England is sensitive to the world. She feels through the things she sees and can so vividly recreate the richness and emotion of an experience. There is this layer of being awake, the exhilaration of seeing what we see when we step outdoors, to bond through our experiences together when we let the sizzle of our surroundings breathe life into us and take us away.
To produce Explorer of the World, England once again teamed up with Grammy award-winning producer Dean Jones. The album was also co-produced with Dave Winer from Justin Roberts and the Not Ready for Naptime Players. The result is a very eclectic composition that mixes electro and acoustic melodies and harmonies with a rhythmic blend of funk and beats. This new dynamic is a very fitting dimension to England’s smooth sound.
So whether we pretend to be a sushi chef, pack up a bag to climb Mt. Everest, make a map of our neighborhood, visit where our parents grew up, or actually fly to another land and step through a new culture, we have the power to experience life together as a family, treasuring every moment little by little. Those are memories that will change us, strengthen bonds, and last far beyond the time Poseidon the dragon was born.
Bonus activity: Be an explorer! Listen closely to England’s lyrics that offer fun suggestions to dive deeper into the adventures right outside your door. Watch for England’s accompanying activity book (expected May 2016).

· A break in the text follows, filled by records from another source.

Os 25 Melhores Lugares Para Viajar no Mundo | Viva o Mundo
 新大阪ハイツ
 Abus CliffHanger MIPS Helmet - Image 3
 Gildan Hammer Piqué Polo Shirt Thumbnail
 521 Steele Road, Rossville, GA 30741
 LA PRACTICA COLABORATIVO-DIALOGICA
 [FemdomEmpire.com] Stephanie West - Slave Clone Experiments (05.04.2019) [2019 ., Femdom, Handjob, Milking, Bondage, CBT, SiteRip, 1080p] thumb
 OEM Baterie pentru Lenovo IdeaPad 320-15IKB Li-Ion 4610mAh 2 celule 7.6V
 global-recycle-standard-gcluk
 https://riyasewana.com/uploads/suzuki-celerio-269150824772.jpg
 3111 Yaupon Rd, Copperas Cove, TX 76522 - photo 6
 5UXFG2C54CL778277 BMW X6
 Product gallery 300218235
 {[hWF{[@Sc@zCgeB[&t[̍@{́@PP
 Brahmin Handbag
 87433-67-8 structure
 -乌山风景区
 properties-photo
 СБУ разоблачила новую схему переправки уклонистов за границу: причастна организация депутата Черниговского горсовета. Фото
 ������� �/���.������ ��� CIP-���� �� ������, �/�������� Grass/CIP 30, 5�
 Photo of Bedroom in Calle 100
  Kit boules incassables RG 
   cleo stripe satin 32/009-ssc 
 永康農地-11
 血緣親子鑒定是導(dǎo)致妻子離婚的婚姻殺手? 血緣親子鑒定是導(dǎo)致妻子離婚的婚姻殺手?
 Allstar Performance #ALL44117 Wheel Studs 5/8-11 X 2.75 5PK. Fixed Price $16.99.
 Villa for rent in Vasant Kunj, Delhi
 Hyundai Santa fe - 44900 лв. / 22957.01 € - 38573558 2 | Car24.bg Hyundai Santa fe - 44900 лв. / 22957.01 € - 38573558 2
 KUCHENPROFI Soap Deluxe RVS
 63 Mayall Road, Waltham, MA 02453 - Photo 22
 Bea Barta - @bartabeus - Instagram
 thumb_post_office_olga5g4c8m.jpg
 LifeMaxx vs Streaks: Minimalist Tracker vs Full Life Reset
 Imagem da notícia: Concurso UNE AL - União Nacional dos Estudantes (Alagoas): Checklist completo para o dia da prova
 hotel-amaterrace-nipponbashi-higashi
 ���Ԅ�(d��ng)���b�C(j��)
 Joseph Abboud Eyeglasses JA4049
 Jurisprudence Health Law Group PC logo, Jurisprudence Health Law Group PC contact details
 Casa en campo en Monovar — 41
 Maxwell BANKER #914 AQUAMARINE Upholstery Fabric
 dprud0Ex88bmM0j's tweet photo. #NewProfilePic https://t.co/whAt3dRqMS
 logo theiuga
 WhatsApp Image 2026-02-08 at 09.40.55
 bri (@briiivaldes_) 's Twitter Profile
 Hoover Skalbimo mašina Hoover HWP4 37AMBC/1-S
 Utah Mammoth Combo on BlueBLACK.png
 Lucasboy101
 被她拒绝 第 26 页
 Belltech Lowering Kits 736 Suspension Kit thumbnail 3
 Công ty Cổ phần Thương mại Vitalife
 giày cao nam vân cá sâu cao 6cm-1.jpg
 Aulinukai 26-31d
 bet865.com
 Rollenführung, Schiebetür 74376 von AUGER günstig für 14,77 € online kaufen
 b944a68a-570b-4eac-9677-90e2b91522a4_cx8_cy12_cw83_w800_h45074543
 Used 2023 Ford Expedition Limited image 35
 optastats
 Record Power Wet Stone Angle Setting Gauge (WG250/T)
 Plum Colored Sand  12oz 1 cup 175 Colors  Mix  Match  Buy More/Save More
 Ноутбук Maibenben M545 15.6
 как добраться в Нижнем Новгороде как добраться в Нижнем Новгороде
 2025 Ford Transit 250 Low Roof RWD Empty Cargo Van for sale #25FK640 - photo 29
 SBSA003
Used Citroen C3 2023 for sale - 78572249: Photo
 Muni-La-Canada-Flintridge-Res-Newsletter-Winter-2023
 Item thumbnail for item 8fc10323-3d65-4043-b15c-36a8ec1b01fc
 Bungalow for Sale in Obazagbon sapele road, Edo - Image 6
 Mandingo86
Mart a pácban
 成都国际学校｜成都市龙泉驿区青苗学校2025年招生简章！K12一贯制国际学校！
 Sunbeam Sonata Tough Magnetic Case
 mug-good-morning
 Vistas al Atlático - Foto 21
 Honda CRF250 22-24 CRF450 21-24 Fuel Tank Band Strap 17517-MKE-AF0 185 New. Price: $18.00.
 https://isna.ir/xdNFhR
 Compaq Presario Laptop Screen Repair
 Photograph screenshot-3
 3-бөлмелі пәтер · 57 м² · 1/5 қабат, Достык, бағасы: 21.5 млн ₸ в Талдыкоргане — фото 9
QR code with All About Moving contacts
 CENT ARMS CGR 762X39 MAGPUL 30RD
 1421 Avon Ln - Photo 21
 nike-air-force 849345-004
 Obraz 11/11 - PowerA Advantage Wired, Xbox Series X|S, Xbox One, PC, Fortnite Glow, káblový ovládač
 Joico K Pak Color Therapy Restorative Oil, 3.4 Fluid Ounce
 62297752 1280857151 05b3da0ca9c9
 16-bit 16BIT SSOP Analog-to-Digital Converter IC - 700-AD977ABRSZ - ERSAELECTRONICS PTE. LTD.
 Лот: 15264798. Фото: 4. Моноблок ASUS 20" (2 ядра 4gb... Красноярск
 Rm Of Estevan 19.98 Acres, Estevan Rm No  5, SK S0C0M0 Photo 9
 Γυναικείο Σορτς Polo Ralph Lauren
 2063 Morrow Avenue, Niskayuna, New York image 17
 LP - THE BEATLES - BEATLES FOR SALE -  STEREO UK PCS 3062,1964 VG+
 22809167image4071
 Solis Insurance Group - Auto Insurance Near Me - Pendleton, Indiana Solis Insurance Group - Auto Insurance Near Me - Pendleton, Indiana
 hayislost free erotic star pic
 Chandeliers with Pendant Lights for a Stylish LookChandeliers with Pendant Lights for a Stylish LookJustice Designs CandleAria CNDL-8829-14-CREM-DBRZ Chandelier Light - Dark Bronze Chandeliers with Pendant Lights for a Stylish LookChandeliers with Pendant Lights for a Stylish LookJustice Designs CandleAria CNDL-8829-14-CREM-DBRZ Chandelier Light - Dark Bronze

- Neighborhood Map: Make a map of your neighborhood. Draw in the houses. Fill in the trees. What about cars and their colors? Shrubs, animals, fences, mailboxes, kids, sidewalk cracks, neighborhood oddities and fixtures? Go home and draw your version of your neighborhood map and compare to your family members’ map. Discuss the ways you see things in similar and different ways.
- Quiet Observation: Take a camera and notebook on a walk. Spend 10-20 minutes walking silently (depending on your children’s ages) and observe the things you pass every day until you find at least three patterns you’ve never noticed before. Look for shapes. Look for color. Talk about the patterns. Take notes. Take photos of the patterns.
- Neighborhood History: Find out who has lived on your street the longest. Interview them. What has changed? What’s better? What’s worse?
- People Watching: Sit on a bench in a public area or silently walk through your town or city. Listen to the people walking by. What are they saying? Write a story about who they are and where they’re going.
- Family Meeting: Arrange a time for a family meeting. Bring a calendar. Have each family member name a place he or she really wants to go this year. Maybe the museum, the waterpark, the train stations, the zoo, camping trip, kayaking, the mountains, the ocean. Decide what’s realistic and write it down (whether it’s today, tomorrow, this year or in the near future).